HONG KONG: The private banking business of HSBC Holdings is aggressively pursuing double-digit growth in client assets and revenue, riffing off a surge in Asian wealth, the unit’s chief executive told Reuters.
Antonio Simoes also said that the London-headquartered bank aims to increase its onshore presence in China, home to an eighth of all billionaires’ wealth worldwide and where it is one of the few global banks to operate a private banking business.
“The strategy to achieve double-digit asset and revenue growth is working,” said Simoes, who assumed his role in January. “And as part of that, Asia is by far the region that is growing the most.”
With higher economic growth, rapidly rising wages and a thriving entrepreneurial ecosystem producing rich clients at a pace faster than the West, Asia has emerged as the main battleground for global wealth managers.
Assets managed by HSBC’s private banking unit rose 9.4 percent in the first nine months of 2019 to $338 billion, while revenue rose 4.6 percent versus the same period a year earlier to $1.4 billion.
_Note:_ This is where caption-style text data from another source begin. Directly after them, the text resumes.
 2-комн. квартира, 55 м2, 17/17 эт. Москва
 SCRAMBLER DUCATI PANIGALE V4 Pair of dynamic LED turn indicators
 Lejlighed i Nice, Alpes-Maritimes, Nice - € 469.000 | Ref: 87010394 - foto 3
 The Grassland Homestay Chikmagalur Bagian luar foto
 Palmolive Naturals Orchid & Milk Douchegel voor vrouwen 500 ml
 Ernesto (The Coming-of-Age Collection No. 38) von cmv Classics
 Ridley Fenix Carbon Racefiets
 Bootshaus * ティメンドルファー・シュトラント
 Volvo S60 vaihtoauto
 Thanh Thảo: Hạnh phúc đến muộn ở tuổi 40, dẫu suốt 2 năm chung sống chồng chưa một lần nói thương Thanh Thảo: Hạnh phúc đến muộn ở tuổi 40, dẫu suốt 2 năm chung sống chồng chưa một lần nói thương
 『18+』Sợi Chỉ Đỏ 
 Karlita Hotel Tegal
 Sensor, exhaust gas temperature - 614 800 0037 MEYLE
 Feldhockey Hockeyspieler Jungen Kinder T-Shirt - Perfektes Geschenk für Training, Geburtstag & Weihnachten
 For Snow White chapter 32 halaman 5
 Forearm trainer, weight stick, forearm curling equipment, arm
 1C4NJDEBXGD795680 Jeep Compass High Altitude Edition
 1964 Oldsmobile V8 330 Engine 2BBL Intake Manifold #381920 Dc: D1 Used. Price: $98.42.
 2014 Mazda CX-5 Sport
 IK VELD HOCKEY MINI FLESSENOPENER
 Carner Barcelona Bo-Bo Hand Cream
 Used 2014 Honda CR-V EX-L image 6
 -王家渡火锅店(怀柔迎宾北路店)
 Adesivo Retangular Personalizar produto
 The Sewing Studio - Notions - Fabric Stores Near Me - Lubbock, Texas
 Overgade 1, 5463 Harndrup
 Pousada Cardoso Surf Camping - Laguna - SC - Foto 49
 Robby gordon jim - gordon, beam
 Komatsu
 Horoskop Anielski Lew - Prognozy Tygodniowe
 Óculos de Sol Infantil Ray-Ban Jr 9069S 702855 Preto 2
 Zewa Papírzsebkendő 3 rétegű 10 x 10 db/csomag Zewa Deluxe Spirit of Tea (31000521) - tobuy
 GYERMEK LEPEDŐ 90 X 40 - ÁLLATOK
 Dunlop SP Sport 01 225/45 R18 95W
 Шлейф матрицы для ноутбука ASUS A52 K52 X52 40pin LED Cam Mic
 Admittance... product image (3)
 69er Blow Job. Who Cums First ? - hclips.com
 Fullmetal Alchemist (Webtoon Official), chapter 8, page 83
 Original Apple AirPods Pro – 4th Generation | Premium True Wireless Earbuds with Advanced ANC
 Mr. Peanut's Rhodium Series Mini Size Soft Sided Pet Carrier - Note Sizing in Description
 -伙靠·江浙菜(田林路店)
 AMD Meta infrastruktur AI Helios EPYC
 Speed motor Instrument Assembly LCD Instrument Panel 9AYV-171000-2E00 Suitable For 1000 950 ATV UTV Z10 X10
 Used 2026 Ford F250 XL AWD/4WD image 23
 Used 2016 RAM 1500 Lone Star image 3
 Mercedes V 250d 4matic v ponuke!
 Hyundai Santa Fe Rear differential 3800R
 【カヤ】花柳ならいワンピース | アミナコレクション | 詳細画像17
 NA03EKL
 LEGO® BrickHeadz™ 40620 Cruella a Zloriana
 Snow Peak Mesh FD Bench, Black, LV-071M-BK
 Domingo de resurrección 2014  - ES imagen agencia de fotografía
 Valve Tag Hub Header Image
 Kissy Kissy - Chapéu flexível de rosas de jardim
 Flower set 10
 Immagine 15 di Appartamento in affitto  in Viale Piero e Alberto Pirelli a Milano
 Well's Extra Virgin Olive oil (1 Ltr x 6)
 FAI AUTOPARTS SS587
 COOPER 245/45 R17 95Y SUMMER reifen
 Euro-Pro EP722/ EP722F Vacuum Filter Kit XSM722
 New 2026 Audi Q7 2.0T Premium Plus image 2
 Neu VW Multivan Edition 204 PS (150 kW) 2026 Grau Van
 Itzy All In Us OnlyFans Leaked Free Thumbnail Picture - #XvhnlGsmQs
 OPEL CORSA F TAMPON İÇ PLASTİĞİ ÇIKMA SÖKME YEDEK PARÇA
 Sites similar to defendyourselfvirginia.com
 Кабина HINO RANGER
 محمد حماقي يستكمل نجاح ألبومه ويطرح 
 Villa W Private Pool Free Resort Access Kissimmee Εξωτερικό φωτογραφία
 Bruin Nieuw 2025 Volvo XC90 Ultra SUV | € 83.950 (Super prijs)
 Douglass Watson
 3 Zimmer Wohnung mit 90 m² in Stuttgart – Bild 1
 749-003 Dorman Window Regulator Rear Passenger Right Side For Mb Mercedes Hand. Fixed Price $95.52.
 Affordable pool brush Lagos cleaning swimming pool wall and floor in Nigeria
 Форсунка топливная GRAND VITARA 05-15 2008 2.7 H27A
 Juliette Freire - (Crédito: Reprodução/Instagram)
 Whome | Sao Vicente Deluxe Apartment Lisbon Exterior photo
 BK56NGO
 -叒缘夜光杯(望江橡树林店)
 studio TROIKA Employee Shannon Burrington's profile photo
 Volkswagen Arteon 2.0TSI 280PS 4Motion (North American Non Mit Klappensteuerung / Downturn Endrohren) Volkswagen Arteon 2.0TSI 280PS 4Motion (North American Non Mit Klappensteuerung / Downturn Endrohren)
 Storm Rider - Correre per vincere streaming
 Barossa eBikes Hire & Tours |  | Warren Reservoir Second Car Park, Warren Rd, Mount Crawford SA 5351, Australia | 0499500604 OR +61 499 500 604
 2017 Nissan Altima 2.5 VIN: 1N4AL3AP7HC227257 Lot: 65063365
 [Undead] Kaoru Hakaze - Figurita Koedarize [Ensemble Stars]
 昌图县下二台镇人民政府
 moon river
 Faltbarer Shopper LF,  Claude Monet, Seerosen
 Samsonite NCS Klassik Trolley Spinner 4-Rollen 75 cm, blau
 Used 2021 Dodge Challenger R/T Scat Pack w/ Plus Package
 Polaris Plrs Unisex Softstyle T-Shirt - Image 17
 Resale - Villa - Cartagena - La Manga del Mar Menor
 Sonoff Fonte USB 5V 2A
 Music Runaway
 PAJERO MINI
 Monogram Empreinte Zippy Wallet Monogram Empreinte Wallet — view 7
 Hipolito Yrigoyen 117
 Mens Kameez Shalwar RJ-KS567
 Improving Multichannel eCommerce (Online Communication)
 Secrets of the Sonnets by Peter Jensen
The unit is the smallest contributor to group revenue at 3 percent.
Asia accounts for 42 percent of HSBC’s total private banking assets, making it the single largest market. The region also accounts for the biggest share of the bank’s overall revenue.
But six months of often violent pro-democracy protests that have convulsed Hong Kong — one of Asia’s two main wealth management hubs along with Singapore — have triggered concern about rich clients looking for alternative centers.
Simoes, however, said his business in the Chinese territory had not been impacted. “Our third-quarter results showed very resilient performance for Hong Kong against the backdrop of what’s happening,” he said. “From a private banking perspective, we continue to have targets for Hong Kong that are very ambitious.”
Simoes said the private banking business was sticking to its target announced last year of adding 700 people to its Asia unit by 2022 from a headcount of 1,100 at the end of 2017. Three hundred bankers have already been hired so far, he said.
HSBC’s private banking growth plans come as interim CEO Noel Quinn reviews the lender’s worldwide businesses as part of an audition for the full-time role under Chairman Mark Tucker.
Global wealth managers looking to grow in China — where HSBC’s unit is present onshore in Shanghai, Beijing and Guangzhou — continue to consider an offshore business as the preferred route due to regulatory restrictions on investment products and a lack of sizeable physical branch networks.
“Going forward, we want to be bigger in onshore China and we are looking at how to do that as regulations change,” Simoes said. “If you take a 10-year view, we will need to be bigger in onshore China.”